Iran’s parliament has voted to ban some forms of birth control, as well as advertising promoting the use of birth control, in an effort to spur more women to have babies. The measure, which has been championed by Supreme Leader Ayatollah Ali Khamenei, is designed as a direct response to the country’s declining fertility rate, which puts Iran on track to have the lowest percentage of residents between the ages of 15 and 24 in the Muslim world.
The policy will now head to a panel of theologians who are tasked with determining whether proposed legislation complies with Islam. The members of that panel are appointed by the Ayatollah, who has argued that spurring population growth is essential for preserving Iran’s “national identity” and combating Western influence.
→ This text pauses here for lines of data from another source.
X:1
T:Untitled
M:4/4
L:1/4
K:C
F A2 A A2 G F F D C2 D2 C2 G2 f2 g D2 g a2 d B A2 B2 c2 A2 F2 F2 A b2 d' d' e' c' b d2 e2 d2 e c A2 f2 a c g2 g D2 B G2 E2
Under the measure, permanent birth control surgeries like vasectomies and tubal litigation — procedures that about 100,000 Iranians underwent last year — will be illegal. The doctors who perform them could face fines. Members of the media, meanwhile, will be subject to prosecution if they choose to publicize birth control or other family planning efforts.
It’s a sharp departure from the way the country has previously approached reproductive health. Iran used to have one of the best family planning systems in the world; there was widespread support for free contraception and condoms, and the high court of theologians determined that there’s “no Islamic barrier” to those type of services. For two decades, robust reproductive health programs — including mandatory premarital counseling that would help couples plan out how to support their future family — led to smaller family sizes in the country, particularly once Iran began struggling with an economic downturn.
Nonetheless, amid concerns about the declining population, Iranian leaders reversed course. In 2012, the government abruptly announced that it would no longer subsidize family planning programs, putting an end to the popular policy. Now, there’s a full scale campaign underway to try to convince Iranians to procreate. At the end of last year, billboards appeared across Tehran proclaiming “A single blossom is not spring” and “More children, better lives.”
Critics point to the images on the billboards as a prime example of why Iran’s recent push is misguided. In order to illustrate that more children equal better lives, the public service announcement depicted a happy father and his four children riding on a single bicycle, as a despondent dad and his only son trail behind. There wasn’t a mother on either bicycle, since Iran discourages from women from riding bikes — an activity that’s been described as “shameless and lust-provoking.” Opponents of the birth control ban say that Iranian leaders are trying to push women back into more traditional roles as wives and mothers as their rate of education has continued to climb over the past several decades.
“It will not work. Iranian women are plucky, they are thoughtful. Sixty five percent of entering classes at universities are women. How can you convince them to have a child every year?” Haleh Esfandiari, an Iranian-American who directs the Wilson Center’s Middle East Program, recently pointed out in an interview published on her organization’s blog.
Plus, according to recent research conducted by a team of Harvard sociologists, attempting to force women back into the domestic sphere may actually backfire on Iran altogether.
The Harvard researchers found that allowing women to have a more equal position in society helps spur population growth. In countries that maintain traditional ideas about gender norms, and expect women to remain at home to raise children, ambitious women are more likely to feel pressured to choose their career over having kids. Those young people will skip having a family altogether. On the other hand, in more egalitarian countries with strong government safety net for both working parents, the birth rates are holding up. That’s in line with previous research that has confirmed birth rates rise under more comprehensive policies addressing child care, housing, and work-life balance.